__Exercise requirements__:
No pictures belong in the copy. Retype exactly, and only, the stretch of lines below from the one with "1939 Plymouth Dealer" through the one with "Välkommen till AI-webinar".

__Input records__:

===============

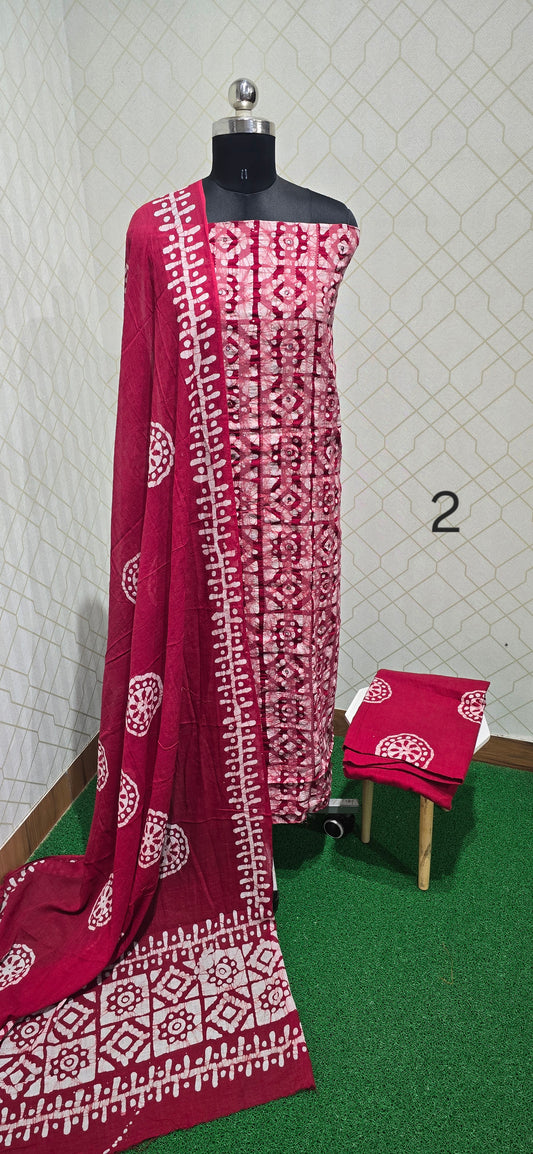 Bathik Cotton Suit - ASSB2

===============

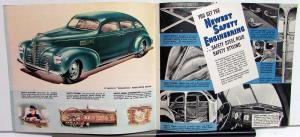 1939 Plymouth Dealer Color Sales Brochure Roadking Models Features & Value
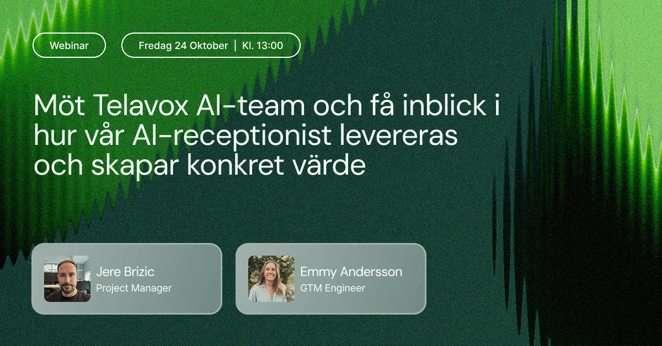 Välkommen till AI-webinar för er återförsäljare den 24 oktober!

===============

__Solution to this task__:
 1939 Plymouth Dealer Color Sales Brochure Roadking Models Features & Value
 Välkommen till AI-webinar för er återförsäljare den 24 oktober!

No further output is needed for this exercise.